Case vs PH filed with UN Human Rights Committee

FIVE YEARS after he was assassinated, the family of Jose Reynaldo “Jory” Porquia, Bayan Muna Coordinator for Iloilo City, brought a complaint against the Philippines before the Human Rights Committee, the international body that monitors the implementation of the International Covenant on Civil and Political Rights (ICCPR) and hears cases concerning alleged violations of that treaty.

Jory Porquia was a labor leader, environmentalist, and community organizer. He advocated for migrant workers’ rights as a member of the progressive group MIGRANTE, led the successful campaign to stop mining operations in Panay as part of the Madia-as Ecological Movement, and as Bayan Muna coordinator, he helped organize and operate community kitchens that catered to poor families hit hardest by the government-imposed COVID-19 lockdown.

For his advocacies and decades of service to the community, Jory was shot and killed by multiple gunmen in the morning of April 30, 2020 just as he was about to leave his house in Barangay Sto. Niño Norte, Arevalo, Iloilo City. His murder came after months of red-tagging and surveillance by the Philippine National Police. Despite claims by the government that it is investigating the incident, no perpetrator has been identified or prosecuted to this day.

The complaint filed with the Human Rights Committee by the Porquia family, assisted by the National Union of Peoples’ Lawyers, ascribes to the Philippine government violations of the right to life under Article 6 and the right to an effective remedy for the violation of that right under Article 2(3) of the ICCPR.

The Philippines is a State Party to the ICCPR and its First Optional Protocol – a mechanism that allows the Human Rights Committee to receive complaints brought by individuals against states, decide whether there has been a violation under the ICCPR, and determine the nature of the state’s responsibility for such violation.

Jory was among more than a dozen human rights advocates killed by state forces in Panay in 2020 alone. Other victims included John Farochilin, the chairperson of Alyansa sang mga Mangunguma sa Miag-ao (Alliance of Farmers in Miag-ao) and a council member of the Paghugpong sang Mangunguma sa Panay kag Guimaras (PAMANGGAS), who was killed two days earlier in Barangay Cabalaunan, Miag-ao, Iloilo by soldiers. By the end of year, on December 30, nine leaders of the Tumandok communities were massacred by police and military operatives in rural villages across Capiz and Iloilo.

Jory’s assassination was taken up by Ms. Irene Khan, the UN Special Rapporteur on freedom of expression, in her September 2024 communication to the Philippine government where she raised concerns over widespread red-tagging, the pattern of attacks and judicial harassment against activists, and the “pervasive impunity” surrounding these cases. Hers is but the latest in a series of communications and reports from domestic and international human rights experts aiming to draw attention to the targeting of activists in the Philippines.
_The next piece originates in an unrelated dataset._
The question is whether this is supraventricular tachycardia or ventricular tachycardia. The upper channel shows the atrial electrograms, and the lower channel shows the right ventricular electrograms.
The Porquia case is emblematic of the systematic nature of the attacks against leaders and members of progressive organizations like Bayan Muna. In his 2008 report, UN Special Rapporteur Philip Alston cited two state policies that explain the widespread killing of activists in the country. The first was the military’s counterinsurgency strategy that increasingly focused on dismantling civil society organizations alleged to be “fronts” of rebel groups. The second was the Philippine justice system’s failure to hold the perpetrators to account. “The priorities of the criminal justice system,” according to the Alston report, “have also been distorted, and it has increasingly focused on prosecuting civil society leaders rather than their killers.”
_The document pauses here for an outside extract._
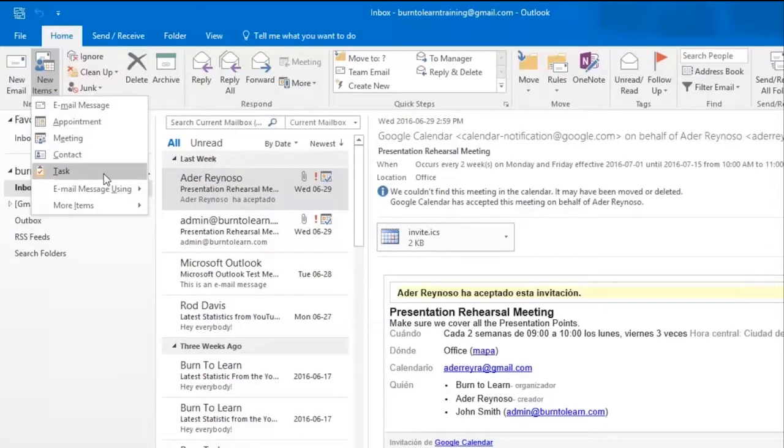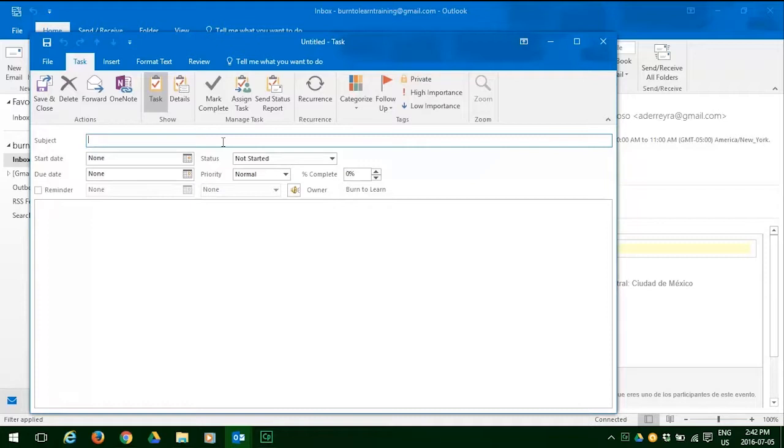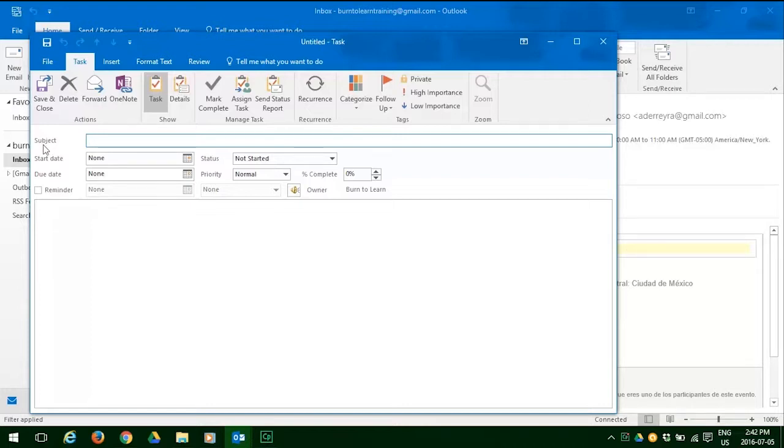This will take you to the Task page, and the very first thing you have to do is to put in a subject. Our subject is going to be Jack's Drywall Ink Blueprints.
After Jory’s assassination, the members of his family including his son Lean Porquia – a labor leader in his own right – and the human rights defenders helping them faced vicious red-tagging from the government, particularly the National Task Force to End Local Communist Armed Conflict (NTF-ELCAC). They were also prosecuted on various trumped-up charges brought by the police, the military, and the Department of Justice. Jory himself, just days before his death, was the subject of a criminal complaint filed by the PNP for speaking at a public protest to demand more aid for impoverished communities during the COVID-19 lockdown. The judicial harassment, arrest, and detention of a person on fabricated evidence in order to suppress criticism and protest are also violations of rights guaranteed under the ICCPR.

From 2001 up to the present, human rights monitor KARAPATAN has documented around 2,100 cases of extrajudicial killings involving activists, environmental and land rights advocates, and members of progressive groups red-tagged by government. It also reported that there are around 762 political prisoners across the country, 154 of whom were arrested under the administration of Ferdinand Marcos Jr.

These figures underscore that, regardless of the administration in power, the Philippine government continues to systematically persecute and attack progressive activists and, as reflected in the 2008 Alston report, foster impunity by weaponizing the justice system against the victims and their families.

With their complaint before the Human Rights Committee, the family of Jory Porquia hopes to bring attention to the ongoing  persecution of activists and human rights defenders in the Philippines and to call out the government for its responsibility for serious human rights violations and for maintaining a system that ensures impunity and deprives the victims of justice.

Justice for Jory Porquia and all the victims of extrajudicial killings!